Guilt. You may regret or feel guilty about things you did or didn’t say or do. You may also feel guilty about certain feelings (e.g. feeling relieved when the person died after a long, difficult illness). After a death, you may even feel guilty for not doing something to prevent the death, even if there was nothing more you could have done.
Anger. Even if the loss was nobody’s fault, you may feel angry and resentful. If you lost a loved one, you may be angry with yourself, God, the doctors, or even the person who died for abandoning you. You may feel the need to blame someone for the injustice that was done to you.
Fear. A significant loss can trigger a host of worries and fears. You may feel anxious, helpless, or insecure. You may even have panic attacks. The death of a loved one can trigger fears about your own mortality, of facing life without that person, or the responsibilities you now face alone.
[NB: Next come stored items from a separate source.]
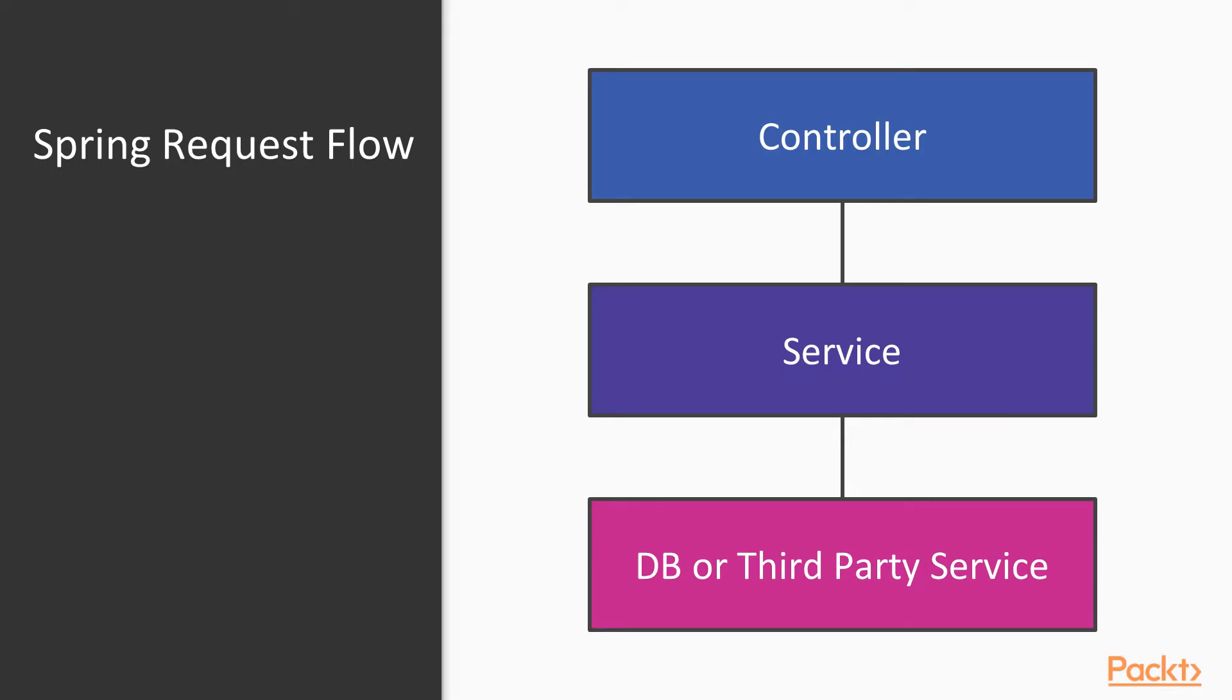This diagram shows the flow of a request in Spring Boot. First, the request is received by a controller. Then, the request is parsed and the data is sent to a service to execute the business logic.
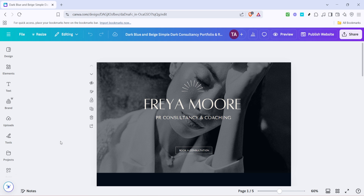First you'll need to open your Canva design file. Once you have your design ready, look at the top right corner of your screen — you'll notice a button labeled Share.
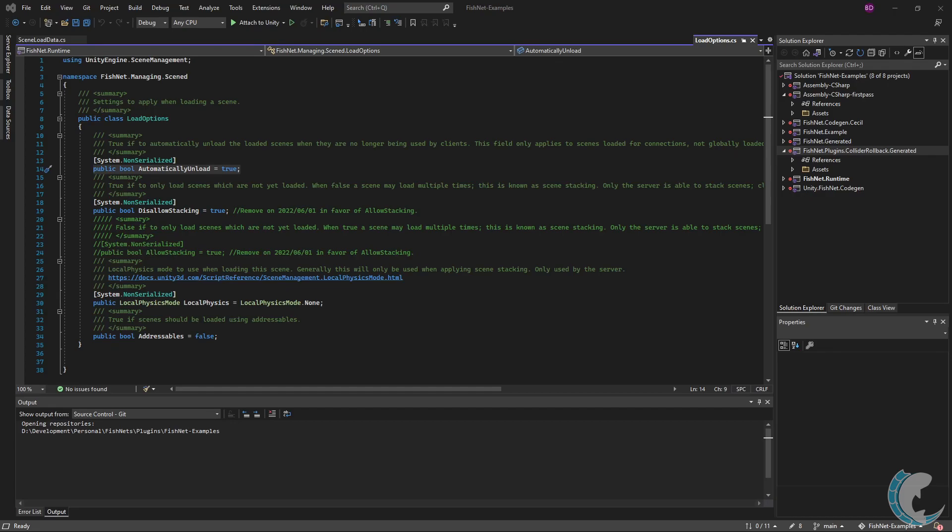When set to false, you must manually unload the scene as it will not be unloaded after all clients leave. Also, this only applies to connection scenes. As mentioned before, global scenes are persistent until manually unloaded.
Physical symptoms of grief
We often think of grief as a strictly emotional process, but grief often involves physical problems, including:
- Fatigue
- Nausea
- Lowered immunity
- Weight loss or weight gain
- Aches and pains
- Insomnia
Seek support for grief and loss
The pain of grief can often cause you to want to withdraw from others and retreat into your shell. But having the face-to-face support of other people is vital to healing from loss. Even if you're not comfortable talking about your feelings under normal circumstances, it’s important to express them when you’re grieving. While sharing your loss can make the burden of grief easier to carry, that doesn’t mean that every time you in teract with friends and family, you need to talk about your loss. Comfort can also come from just being around others who care about you. The key is not to isolate yourself.
Turn to friends and family members.Now is the time to lean on the people who care about you, even if you take pride in being strong and self-sufficient. Rather than avoiding them, draw friends and loved ones close, spend time together face to face, and accept the assistance that’s offered. Often, people want to help but don’t know how, so tell them what you need—whether it’s a shoulder to cry on, help with funeral arrangements, or just someone to hang out with. If you don’t feel you have anyone you can regularly connect with in person, it’s never too late to
build new friendships.
Accept that many people feel awkward when trying to comfort someone who’s grieving. Grief can be a confusing, sometimes frightening emotion for many people, especially if they haven’t experienced a similar loss themselves. They may feel unsure about how to comfort you and end up saying or doing the wrong things. But don’t use that as an excuse to retreat into your shell and avoid social contact. If a friend or loved one reaches out to you, it’s because they care.
Draw comfort from your faith. If you follow a religious tradition, embrace the comfort its mourning rituals can provide. Spiritual activities that are meaningful to you—such as praying, meditating, or going to church—can offer solace. If you’re questioning your faith in the wake of the loss, talk to a clergy member or others in your religious community.
Join a support group. Grief can feel very lonely, even when you have loved ones around. Sharing your sorrow with others who have experienced similar losses can help. To find a bereavement support group in your area, contact local hospitals, hospices, funeral homes, and counseling centers, or see the Resources section below.
Talk to a therapist or grief counselor. If your grief feels like too much to bear,
find a mental health professional with experience in grief counseling. An experienced therapist can help you work through intense emotions and overcome obstacles to your grieving.